Sara’s husband sexually, physically and emotionally abused her until she went to JWA for help. She is one of over 546 women the charity supported last year. 

She says in the video: “I found myself saying things that were so deeply, deeply shameful and so painful and I could cry in front of her, I could be angry, it was in this setting that I understood that actually what I’d experienced was not marital sex but actually rape.”

She adds: “I can remember once, we went into the bathroom and there was the tall towel radiator and he smashed me against it, and he said ‘I’m going to kill you and then I’m going to kill her’, about our daughter.”

Lia called the police about her husband after years of escalating physical and emotional abuse towards her and her son. 

“Nobody really wants to admit that they’re in an abusive relationship and that things were happening to their children but I realised that there was not going to be any way out of this,” she said.

“He was stopping me from doing a lot of things, I didn’t have access to our joint bank account and he was literally just trying to shut me off from the world.”

When she contacted JWA they gave her the practical support needed to leave the relationship and her son was offered play therapy to help him process what he had been through and witnessed. “My son didn’t really want to speak and he didn’t have the confidence to say anything, but over time he found his voice. If it wasn’t for Jewish Women’s Aid, I don’t think I’d be here today,” Lia said. 

The campaign video highlights the fact abuse affects women from across the Jewish community no matter their age or religious background. 

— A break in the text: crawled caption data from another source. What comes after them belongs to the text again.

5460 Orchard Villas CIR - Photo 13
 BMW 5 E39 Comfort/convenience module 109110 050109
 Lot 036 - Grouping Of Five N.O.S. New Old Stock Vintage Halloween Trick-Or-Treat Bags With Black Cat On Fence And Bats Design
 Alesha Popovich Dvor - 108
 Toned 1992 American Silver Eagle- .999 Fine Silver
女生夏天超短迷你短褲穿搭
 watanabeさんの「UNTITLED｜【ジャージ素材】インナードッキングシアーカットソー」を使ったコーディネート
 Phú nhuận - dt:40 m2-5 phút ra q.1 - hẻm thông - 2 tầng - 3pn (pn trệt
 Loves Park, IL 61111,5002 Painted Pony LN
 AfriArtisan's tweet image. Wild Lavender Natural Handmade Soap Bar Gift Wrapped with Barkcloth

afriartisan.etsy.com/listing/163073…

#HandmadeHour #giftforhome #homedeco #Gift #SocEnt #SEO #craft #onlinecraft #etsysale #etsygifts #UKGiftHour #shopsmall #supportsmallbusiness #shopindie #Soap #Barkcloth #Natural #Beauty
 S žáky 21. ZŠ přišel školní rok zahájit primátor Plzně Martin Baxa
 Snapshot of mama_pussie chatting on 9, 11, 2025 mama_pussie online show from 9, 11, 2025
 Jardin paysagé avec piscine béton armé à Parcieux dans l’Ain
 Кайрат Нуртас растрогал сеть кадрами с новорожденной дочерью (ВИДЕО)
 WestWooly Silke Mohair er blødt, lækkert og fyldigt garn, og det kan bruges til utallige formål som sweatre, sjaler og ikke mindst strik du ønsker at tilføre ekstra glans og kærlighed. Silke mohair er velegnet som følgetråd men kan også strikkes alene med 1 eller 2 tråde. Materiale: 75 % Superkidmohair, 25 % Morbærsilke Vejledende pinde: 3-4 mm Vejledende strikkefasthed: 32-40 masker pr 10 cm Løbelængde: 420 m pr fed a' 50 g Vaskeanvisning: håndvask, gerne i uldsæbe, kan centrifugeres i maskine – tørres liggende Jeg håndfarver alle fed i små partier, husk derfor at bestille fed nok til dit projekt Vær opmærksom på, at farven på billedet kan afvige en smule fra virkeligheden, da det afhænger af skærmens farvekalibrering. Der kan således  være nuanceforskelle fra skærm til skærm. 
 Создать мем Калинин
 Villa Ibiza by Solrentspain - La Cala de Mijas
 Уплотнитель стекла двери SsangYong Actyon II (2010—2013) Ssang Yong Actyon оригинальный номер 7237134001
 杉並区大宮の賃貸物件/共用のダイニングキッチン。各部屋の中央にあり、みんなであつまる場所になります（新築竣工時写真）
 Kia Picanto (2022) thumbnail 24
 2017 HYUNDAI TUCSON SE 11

In the video a 23-year-old woman explained how she contacted Jewish Women’s Aid after suffering coercive control at the hands of her boyfriend. She appears with her face obscured and a voice actor speaks her words because she is still fearful of her ex.

“I was only 19 when I started this relationship. I was at university and I thought I was the luckiest girl in the world having someone who was that interested in me,” she said.

“He always made out that I was the one in the wrong, that I was the one who was selfish and that everything wrong in the relationship was because of me and I believed him because he spoke with such conviction. 

“I initially approached Jewish Women’s Aid after I had left the relationship and I went to see a caseworker who really helped me to understand my situation but also what a healthy relationship should look like.”

Naomi Dickson, JWA’s chief executive, praised the women for speaking out about the abuse they have suffered. 

“What their stories show is how abuse affects all parts of our community, how varied it is and of course, how hidden,” she said.

“We need to make sure that we are challenging abusive behaviour and also that we have the professional services in place to support affected women.” 

She said after two years of Covid the charity had “never faced a less stable fundraising climate. With Covid still affecting dinners and events, and a number of grants coming to an end, this campaign aims to raise enough for us to continue to offer our free services for at least an additional year. 

“We call on the community to support Jewish Women’s Aid to make sure we can continue to be here to support the women who need us.”